Traditional Culture Encyclopedia - Photography major - Is pure photography true?

Is pure photography true?

No, pure photography means pure photography or pure school photography.

The so-called pure photography refers to a mature photography school in the early 20th century. It was founded by American photographer Stie Grize. They advocate that photography should give full play to the characteristics and expression of photography itself, liberate him from the influence of painting, and pursue the unique aesthetic effect of photography with pure photography technology-high definition, rich tone levels, subtle light and shadow changes, pure black and white tones, meticulous texture expression and accurate image depiction.

From a certain point of view, some thoughts of purists are "hybrids" of workshop formalism and naturalism, and later evolved into "new objectivism". However, this genre has promoted people's exploration and research on the characteristics and performance skills of photography to a certain extent.

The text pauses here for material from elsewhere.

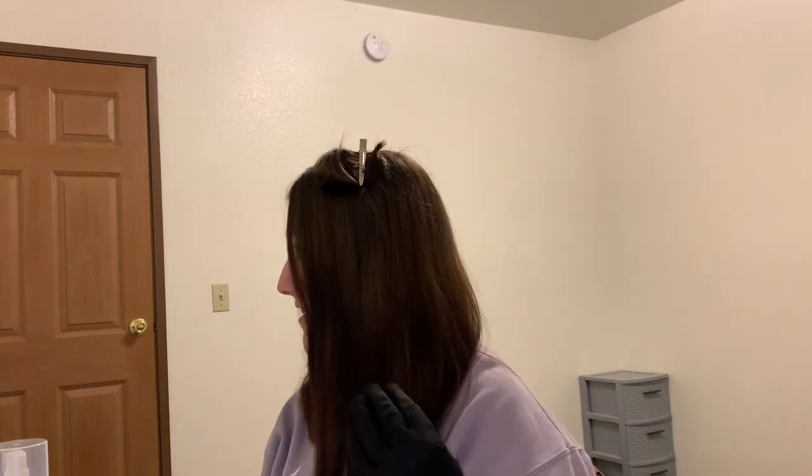Okay, so I now have my curl pinned. Hopefully this is actually how I do it. And I'm going to time-lapse the rest of the half of my head.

Pure photographers deliberately pursue the so-called "photographic quality": accurately, directly, subtly and naturally express the light, color, line, shape, grain and quality of the subject, without any other modeling art media.

The works in the late period of Pure School developed towards the abstraction of lines, patterns and distorted images. With the changes of the times, pure photography has been divided into two branches: one branch is "neo-objectivism photography" which is a close-up performance of parts of objects, highlighting "shape" and "quality", and the other branch has developed into "abstract photography" with lines, simplicity, distortion and patterning.